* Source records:

================================

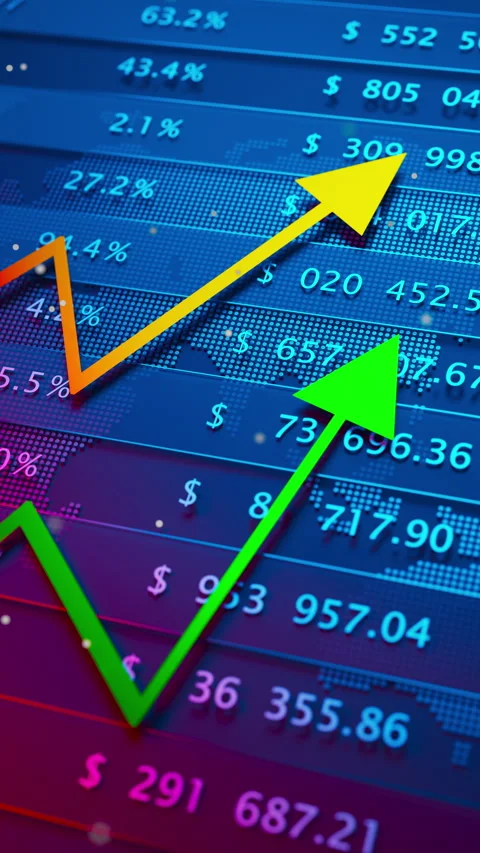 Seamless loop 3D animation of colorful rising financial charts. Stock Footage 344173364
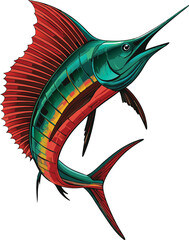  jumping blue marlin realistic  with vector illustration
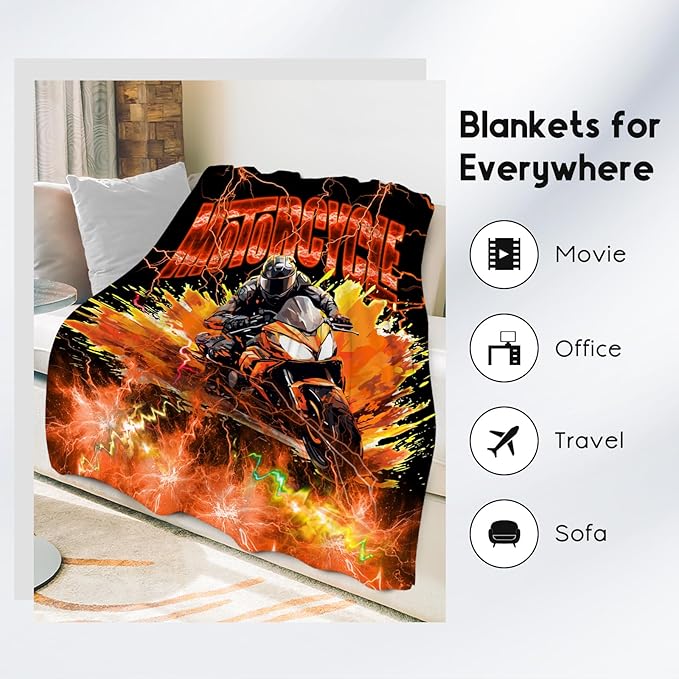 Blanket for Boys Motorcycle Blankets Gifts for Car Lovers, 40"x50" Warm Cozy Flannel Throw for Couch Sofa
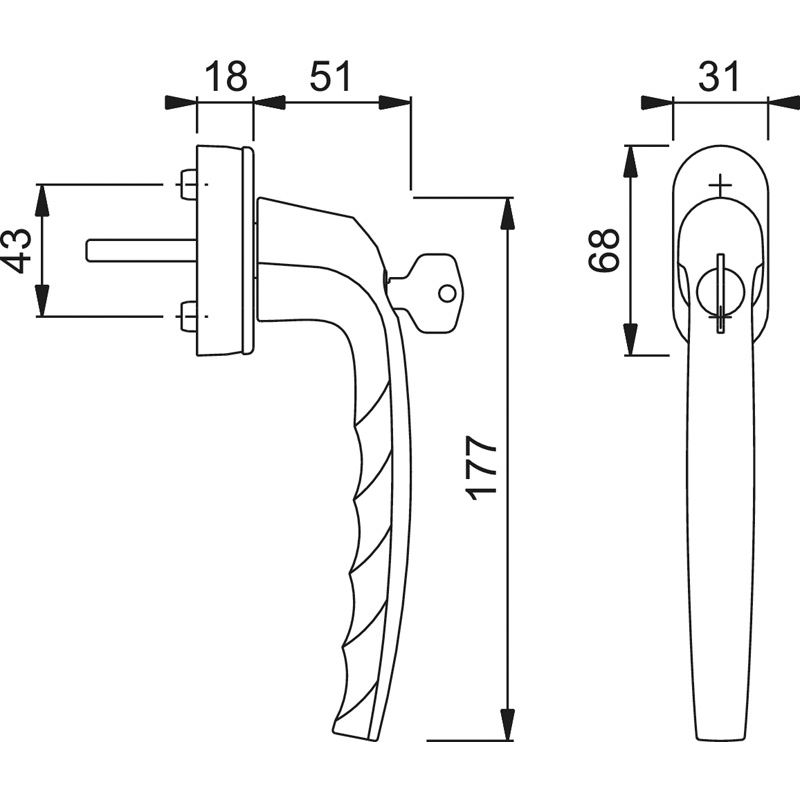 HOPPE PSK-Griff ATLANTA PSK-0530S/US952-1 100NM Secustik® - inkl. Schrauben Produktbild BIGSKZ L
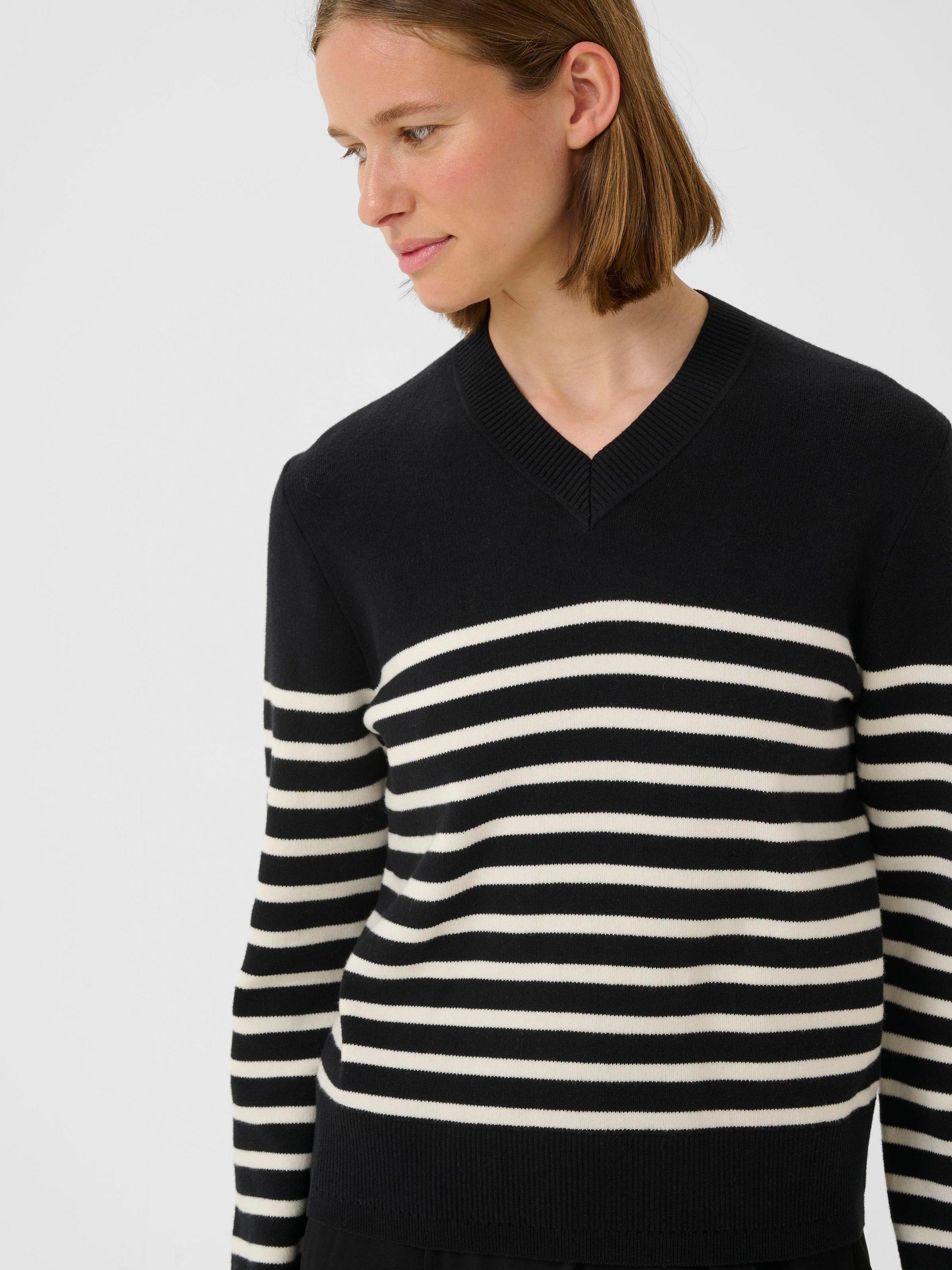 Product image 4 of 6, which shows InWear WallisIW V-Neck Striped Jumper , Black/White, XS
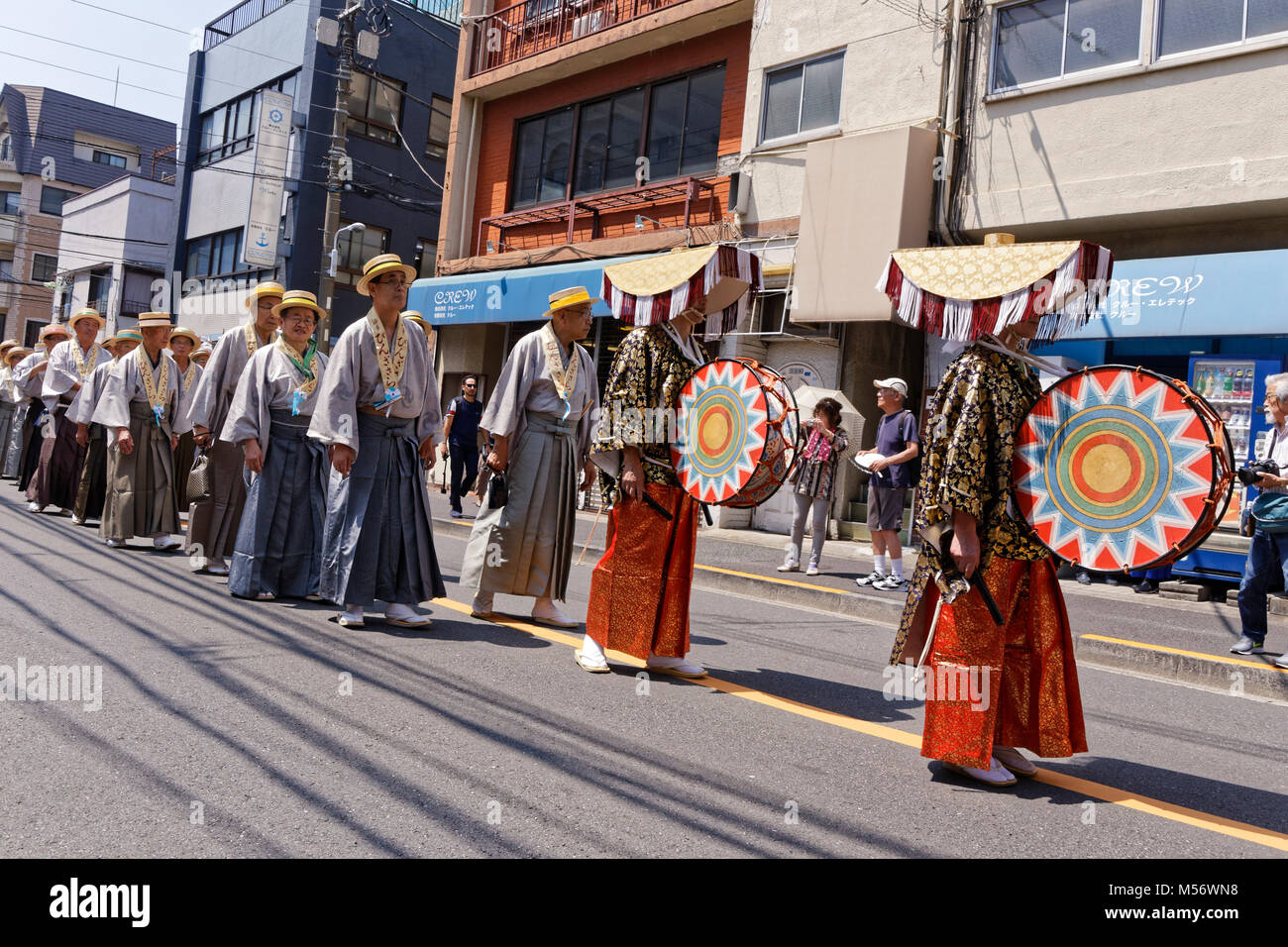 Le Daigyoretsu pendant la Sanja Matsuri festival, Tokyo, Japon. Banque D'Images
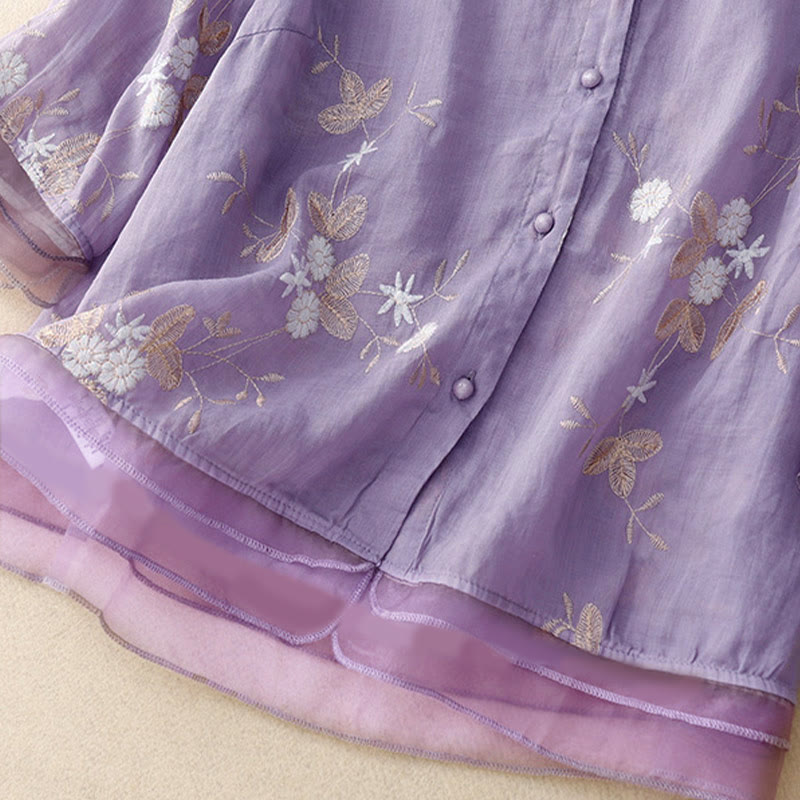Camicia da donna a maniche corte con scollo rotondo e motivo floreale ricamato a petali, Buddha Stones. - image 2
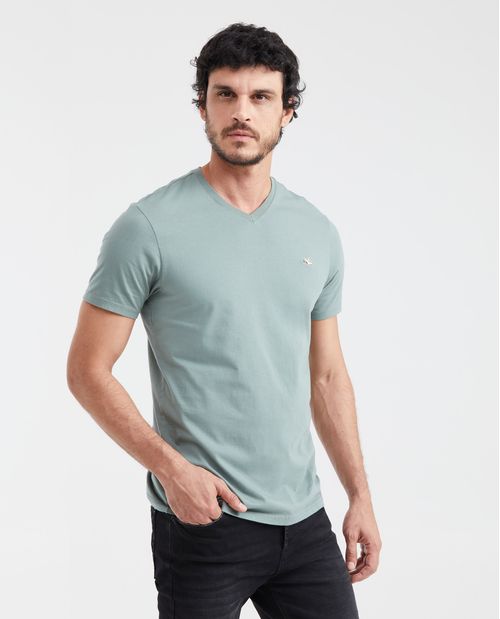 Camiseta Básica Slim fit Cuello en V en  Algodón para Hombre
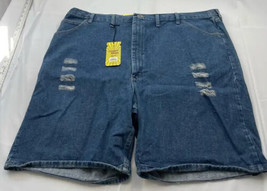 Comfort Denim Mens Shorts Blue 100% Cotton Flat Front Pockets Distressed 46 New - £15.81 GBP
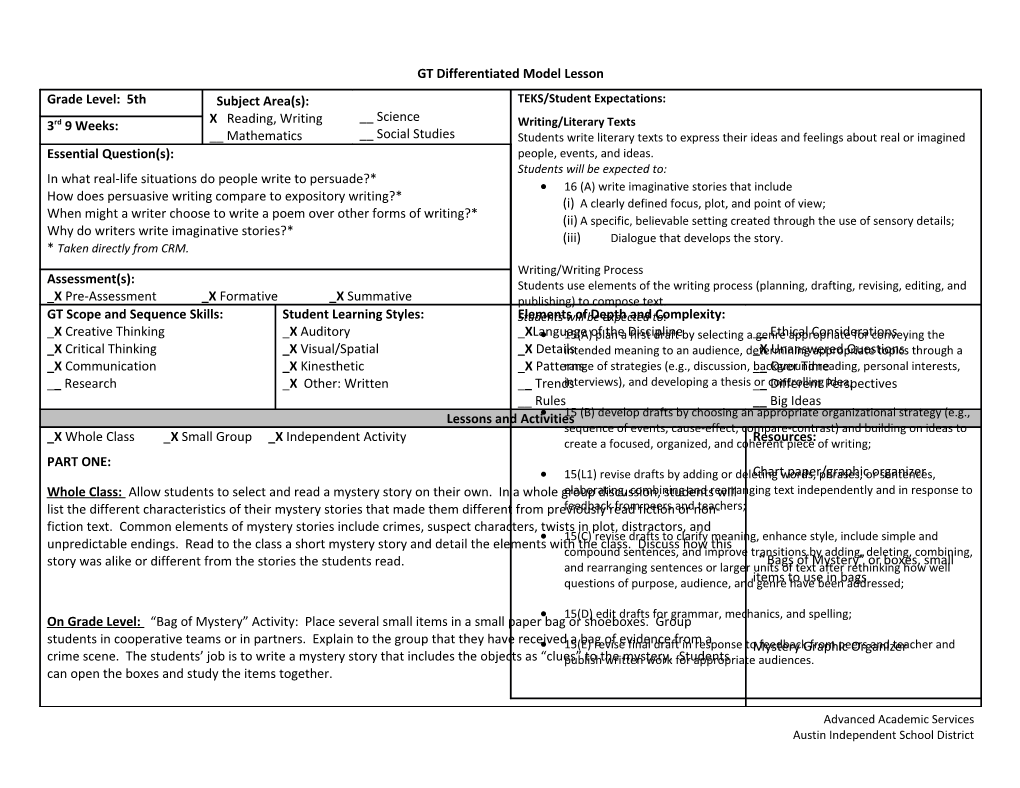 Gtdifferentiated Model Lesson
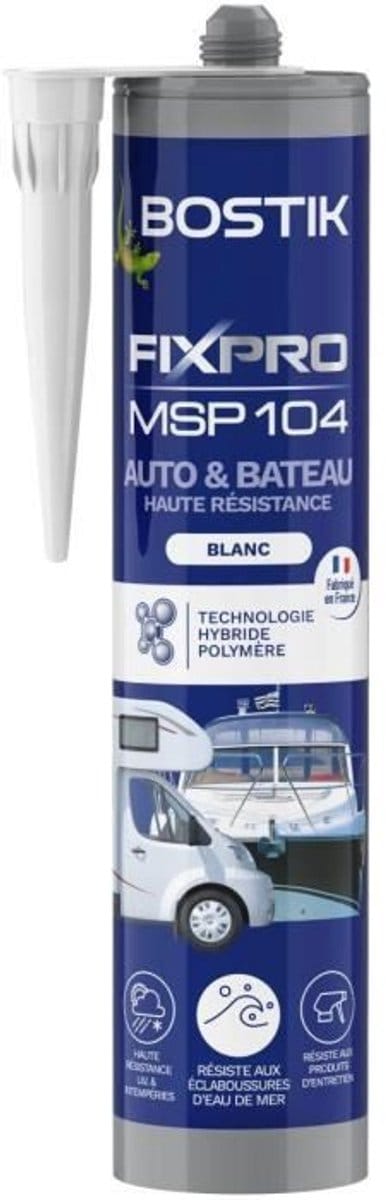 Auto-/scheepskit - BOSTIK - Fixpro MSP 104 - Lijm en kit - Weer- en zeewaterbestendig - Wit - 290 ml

================================

* What the exercise asks:
Copy out the data above exactly, except the pictures.

* Answer area:
 Seamless loop 3D animation of colorful rising financial charts. Stock Footage 344173364
  jumping blue marlin realistic  with vector illustration
 Blanket for Boys Motorcycle Blankets Gifts for Car Lovers, 40"x50" Warm Cozy Flannel Throw for Couch Sofa
 HOPPE PSK-Griff ATLANTA PSK-0530S/US952-1 100NM Secustik® - inkl. Schrauben Produktbild BIGSKZ L
 Product image 4 of 6, which shows InWear WallisIW V-Neck Striped Jumper , Black/White, XS
 Le Daigyoretsu pendant la Sanja Matsuri festival, Tokyo, Japon. Banque D'Images
Camicia da donna a maniche corte con scollo rotondo e motivo floreale ricamato a petali, Buddha Stones. - image 2
 Camiseta Básica Slim fit Cuello en V en  Algodón para Hombre
 Comfort Denim Mens Shorts Blue 100% Cotton Flat Front Pockets Distressed 46 New - £15.81 GBP
 Gtdifferentiated Model Lesson
 Auto-/scheepskit - BOSTIK - Fixpro MSP 104 - Lijm en kit - Weer- en zeewaterbestendig - Wit - 290 ml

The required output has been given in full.